Decca debut for London Piano Competition winner

Record and Artist Details

Composer or Director: Sergey Prokofiev, Camille Saint-Saëns, Franz Liszt

Genre:

Instrumental

Label: Decca

Media Format: CD or Download

Media Runtime: 70

Mastering:

Stereo
DDD

Catalogue Number: 478 3301DH

Tracks:

Composition Artist Credit
Danse macabre Camille Saint-Saëns, Composer
Behzod Abduraimov, Piano
Camille Saint-Saëns, Composer
(4) Pieces, Movement: No. 4, Suggestion diabolique (Temptation) Sergey Prokofiev, Composer
Behzod Abduraimov, Piano
Sergey Prokofiev, Composer
Sonata for Piano No. 6 Sergey Prokofiev, Composer
Behzod Abduraimov, Piano
Sergey Prokofiev, Composer
Harmonies poétiques et réligieuses, Movement: No. 3, Bénédiction de Dieu dans la solitude Franz Liszt, Composer
Behzod Abduraimov, Piano
Franz Liszt, Composer
Mephisto Waltz No. 1, 'Der Tanz in der Dorfschenke Franz Liszt, Composer
Behzod Abduraimov, Piano
Franz Liszt, Composer
Here is a good-themed programme from this 20-year-old Uzbek newcomer of ‘demonic dances, God and war, combining technical virtuosity with music fireworks’. But it’s a debut disc which, impressive as it is, doesn’t quite come off.

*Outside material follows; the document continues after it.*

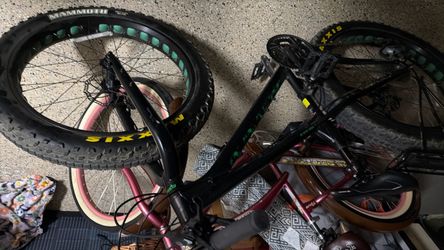 Garneau bike
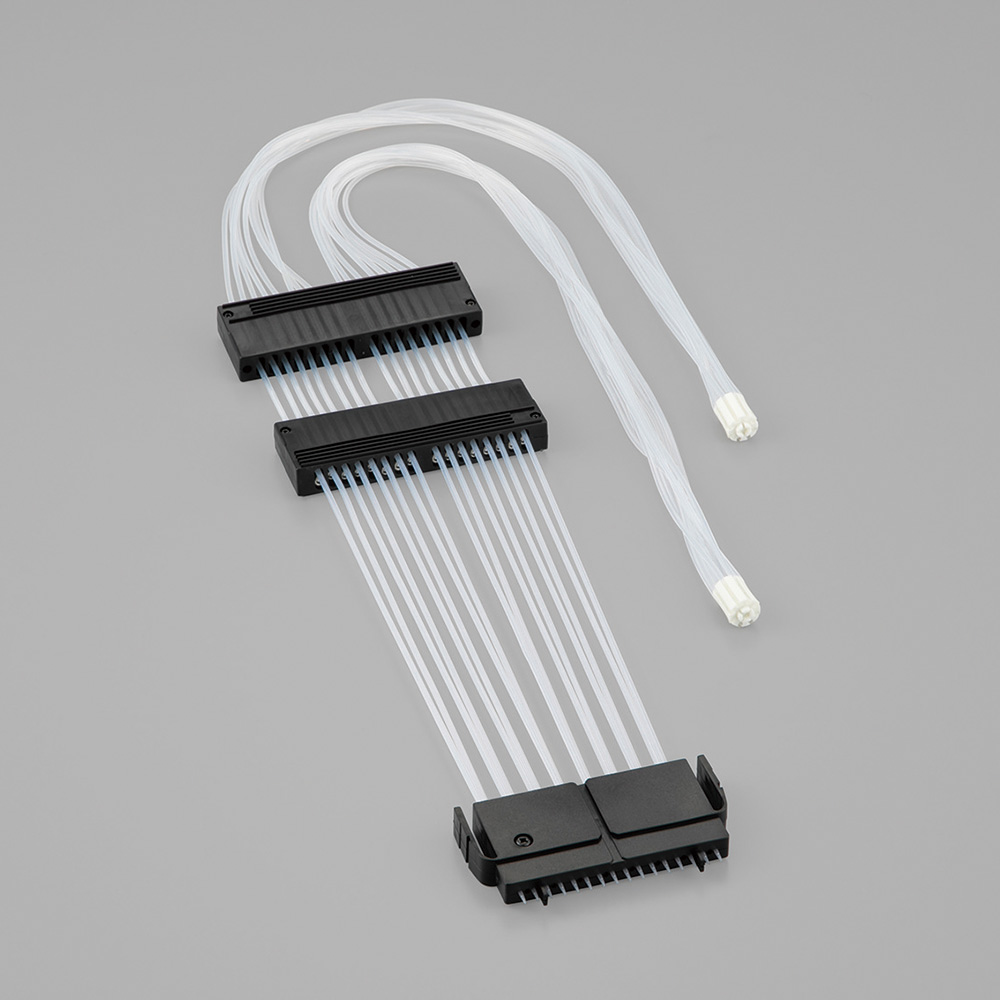 イージーオートドロッパー　16ch Sチューブセット樹脂ノズル　5本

The piano is very closely recorded. Even though the instrument has a quiet pedal action it is all too audible, though not as distractingly as Abduraimov’s stentorian breathing. As to the playing, I have a feeling that at present he might be more effective in the concert hall than in the studio. Listen to the opening measures of Prokofiev’s Sonata No 6. It’s all there, just as the composer notated it. Turn to Sviatoslav Richter and there is an (essential) extra element: vehemence. The music is horrid in the original meaning of the word (spiky, threatening), while the finale is urgent and unsettling, a reading that is altogether more emotionally engaging. Similarly, while Abduraimov offers enviable power and speed in the Suggestion diabolique, Op 4 No 4, the composer (1935) takes the diablerie a step further. The Bénédiction is sensitively shaped, if too ponderous for my taste. The First Mephisto Waltz is fast, accurate and powerful but it won’t have you on the edge of your seat like Khatia Buniatishvili’s recent ‘dance at the village inn’ on Sony. ‘Could this fresh-faced child be the new Horowitz?’ asks The Independent, quoted on the cover. No, but he’s a new face on the scene with bags of talent whose future will be well worth following.